SNS Regulator – Breast Cancer Metastasis
A study published in the journal Cancer Research identifies sympathetic nervous system (SNS) activation as a novel physiologic regulator of breast cancer metastasis to distant tissue sites.
The effects of the neuroendocrine system and microenvironment on breast cancer metastasis remain largely unexplored.
Recently, however, tumor tissue innervation is becoming accepted as a new hallmark of cancer. Experimental and clinical studies confirmed presence of sympathetic nerves in majority of human cancers, including breast cancer. Also, tumor cells originating from various tissues express adrenergic receptors, especially the β2-subtype. In vitro studies have shown that administration of β-adrenergic agonist stimulates tumor cell growth, whereas administration of β-blockers binding on β2-subtype significantly reduce cell growth. This subtype of adrenergic receptors is expressed also on breast cancer cells.

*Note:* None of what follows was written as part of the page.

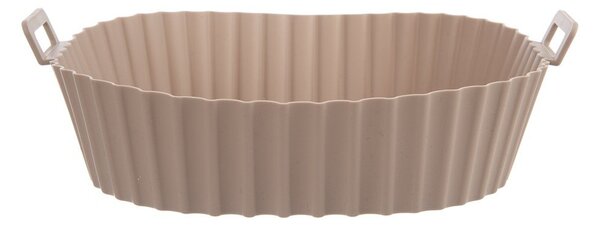 Stampo da forno in silicone 22x22 cm – Orion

Sympathetic nervous system nerve fibers are present in organs that serve as key targets for breast cancer metastasis, including the lymph nodes, lung and bone but little is known about the effects of the SNS function or chronic stress on the dissemination of metastatic cancer cells from a primary tumor to distant target organs.
It appears that in cancer, the hyperactive SNS, via activation of β2-adrenergic receptors mediates substantial:
- Suppression of cellular immunity, and particularly NK and Th1 cells.
- Upregulation of immunosuppressive Treg cells.
- Upregulation of TGF-β, IL-6, IL-8 and IL-10 immunosuppressive cytokines.
- Upregulation of immunosuppressive MDSCs cells.
- Direct effect of β-adrenergic receptors on tumor proliferation and metastasis.
To investigate the role of neuroendocrine activation in cancer progression, in the Cancer Research study, Erica K. Sloan and colleagues used in vivo bioluminescence imaging to track the development of metastasis in an orthotopic mouse model of breast cancer.
The authors demonstrate that physical restraint, applied as a standardized stressor increased the metastasis of primary breast tumor cells to distant tissues by 38-fold, and stress increased metastasis in clinically relevant tissues, with a 37-fold increase in the lung and a 67% increase in the lymph nodes.
The beta-adrenoreceptor-agonist isoproterenol increased metastasis to distant tissues by 22-fold, whereas treatment of stressed animals with the beta-adrenoreceptor antagonist propranolol reversed the stress-induced macrophage infiltration and inhibited tumor spread to distant tissues.
SNS effects were mediated through beta-adrenergic signaling, which acted to recruit alternatively activated macrophages into the primary tumor parenchyma and thereby induce a prometastatic gene expression signature.
Sloan et al. argue that a direct regulation of macrophage biology by the SNS seems to constitute a previously unrecognized pathway by which external conditions affecting the autonomic nervous system can activate a metastatic switch within a growing primary tumor.
They suggest that pharmacologic inhibition of SNS activity could potentially constitute a novel adjunctive strategy for minimizing breast cancer metastasis. Furthermore, they also stress the importance of considering the patient’s overall physiology in the development of new therapeutic approaches to limit cancer progression and minimize metastatic rates in breast cancer.
The findings of this study are also substantiated by a recent report showing that the stress mediator epinephrine (adrenaline) promotes the transformation of M1-type to M2-type macrophages and, thus, accelerating tumor growth in a mouse model of breast cancer.
Furthermore, myeloid-derived suppressor cells (MDSC), a class of immune suppressor cells (≤1% of circulating cells), are characterized by the ability to suppress immune responses and expand during cancer. Of note, chronic stress promotes breast carcinoma metastasis by accumulating myeloid-derived suppressor cells through activating β-adrenergic signalling. It appears that stress upregulates MDSCs in breast cancer in mice. Furthermore, chronic psychosocial stress not only increases the number of MDSC and Treg cells, but in the case of MDSC also enhances their suppressive capacity.
In conclusion, recent evidence indicates that the hyperactive SNS in breast cancer patients may drive and promote tumor proliferation, growth and metastasis. These features appear to be extremely amplified in triple-negative breast cancer (TNBC), the most aggressive type of breast cancer. In TNBC, the SNS overdrive is most likely coupled with an overexpression of β-adrenergic receptors in tumor cells, providing the micro and macro-environment for the growth of this very invasive and metastatic BC subtype.
Clearly beta-blockers hold therapeutic potential, and at least for propranolol the potential for repurposing is being actively pursued in multiple clinical trials.